With baseball in full swing, thoughts of Gehrig, Aaron, Rose, and Mays to Ryan, Smoltz, and Seaver, fill our head as the we prepare to watch this year’s Major League All-Star game. They were our heroes for generations.
With a local hero in this year’s game, MacKenzie Gore, I would like to spotlight and look back on a team he played for a few years earlier: the 2017 Whiteville Wolfpack.
The 2017 Wolfpack had a loaded team with star power. Led by Senior Gore, who was Player of The Year and won for the State Title Game MVP for a third time, Brook Baldwin, who would be Title MVP the next year, it included Turner Brown, Zac Pait, Jake Hardwood, and Dylan Hamilton just to name a few. They were a dynasty, appearing in five State Championships in six years, winning two 1A titles and two 2A titles (not to mention winning it all again in 2018).
They were a force plowing through the Waccamaw Conference, going 14-0 and finished 25-6 overall. The six losses were to bigger schools in the regular season.
2017 matched Whiteville against the Murphy Bulldogs. In the best of three series, the first game was a dud. Whiteville crushed the Bulldogs 10-0 in a mercy rule game. Game 2 brought all the fireworks.
After two innings, Whiteville had 3-0 early lead thanks to a RBI single by Will Hinson and a two-run triple from Brooks Baldwin, who ended up three for five with five RBI’s. Murphy jumped back up in the forth to lead 4-3. Baldwin knocked in Earl Grubbs in the sixth inning to tie it at 4-4. In the seventh, Murphy was up 8-4 when the whirlwind finish began.

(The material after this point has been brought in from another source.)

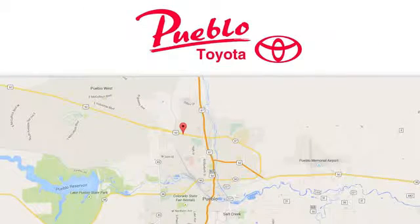Call, click, or stop in today. We're conveniently located at 2220 U.S. 50 West in Pueblo, Colorado.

Lincoln Ransom came in on a single to right field. Hinson scored on a sacrifice to make it 8-6 Murphy, with two outs in the bottom of the seventh. Murphy was one out from forcing a third game. Murphy blinked and a hit, walk, and a Brooks Baldwin triple led to an 8-8 tie. Jake Harwood single got Baldwin across the plate. It ended 9-8 Whiteville. Another title. State Champions.

Whiteville Coach Brett Harwood stated that it was a great win and a great feeling at the time. It is. Not many high school athletes get to win a conference championship, much less a state championship.
They were champions. They were a dynasty. They were our heroes, and now they are our heroes. They are on our TV. They are in our back yards.
Catch a White Sox game or the Washington Nationals: you see former members of the Pack. You can even see them on Tuesday in the MLB All-Star game.